Further opening of economy sought

Beyond greater infrastructure spending and better governance, the Philippines needs to pursue not just tax reforms but constitutional change to open up the economy to more foreign direct investments (FDIs), an economist from British banking giant HSBC said.

In a research note dated Jan. 26, Hong Kong-based HSBC economist Joseph Incalcaterra said that for the Philippines to realize the goal of achieving high middle-income status by 2040, a the reform agenda was fundamental.

After all, the economist said that growth based on fiscal spending and remittances was not a sustainable recipe for long-term development, noting that the Philippines was “far too dependent” on two export industries: Business process outsourcing (BPO) and electronics.

Despite the country’s high-growth trajectory, he said the economy was still grappling with high poverty levels, particularly in rural areas; low agricultural productivity, and lack of industrial diversification.

Based on official data, poverty incidence among Filipinos in 2015 was estimated at 21.6 percent, improving from the previous Family Income and Expenditure Survey (FIES) that showed a poverty incidence of 25.2 percent in 2012 and 26.3 percent in 2009. In 2015, a family of five needed at least P6,329 every month to meet the basic food requirements and at least P9,064 every month to meet both basic food and non-food needs.

Within the Association of Southeast Asian Nations (Asean), the Philippines is getting only a meager share of FDIs, which investors oftentimes attribute to restrictions on foreign ownership of certain crucial industries.

“A simple answer, beyond the sustained increase in infrastructure spending and better governance, is to improve the Philippines’ laggard status in terms of inward FDI—since 2010 the country has absorbed only 2.5 percent of Asean’s direct inward FDI stock (not counting any recycling by way of Singapore),” he said.
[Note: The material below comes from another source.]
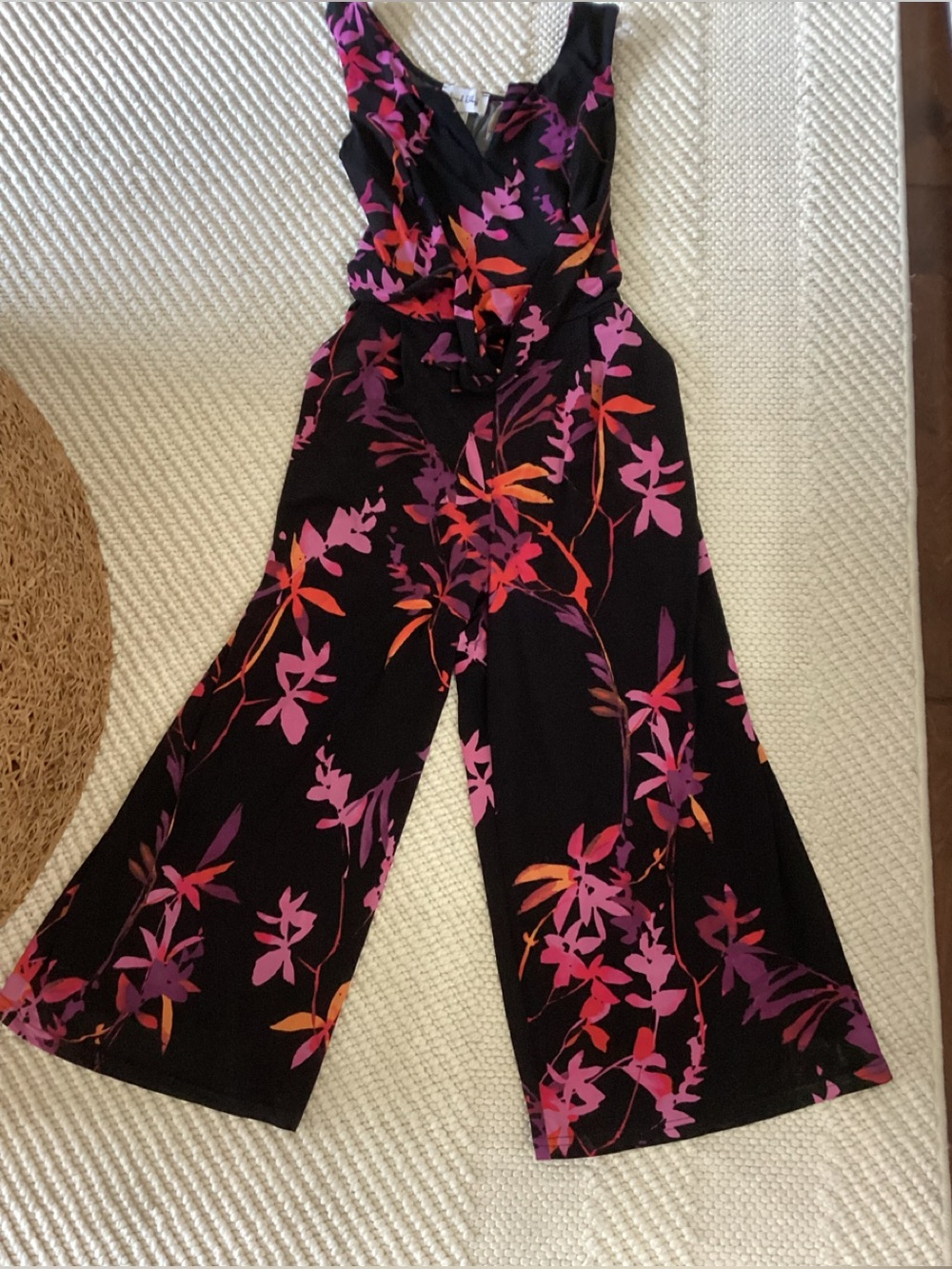 Black Floral Wide-Leg Jumpsuit with Pink & Orange Print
But Incalcaterra said the potential was bright, noting that just in the last few months, the Philippines had seen over $30 billion worth of investment and loan intentions from China and Japan. He said the country could boast of some of the highest profit margins in Asia.

“It isn’t hard to see a positive FDI story materializing over the coming years, but for this to happen we would need to see constitutional reforms to reduce legal impediments. The government has prioritized tax reform first, but we hope that constitutional reform is next on the agenda,” he said.
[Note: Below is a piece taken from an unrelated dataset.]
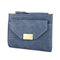 Women Bifold PU Leather Short Wallet Solid Coin Purse - Blue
Among the areas often sought for liberalization whenever Constitutional reform discussions arise in the Philippines were mass media and advertising, land ownership, educational institutions, utilities and natural resources.

On tax reform, Mr. Duterte’s tax reform package seeks to reduce maximum personal income tax from 32 percent to 25 percent and the corporate income tax from 30 percent to 25 percent.  It also seeks to expand the value-added tax (VAT) base by reducing the coverage of its exemptions.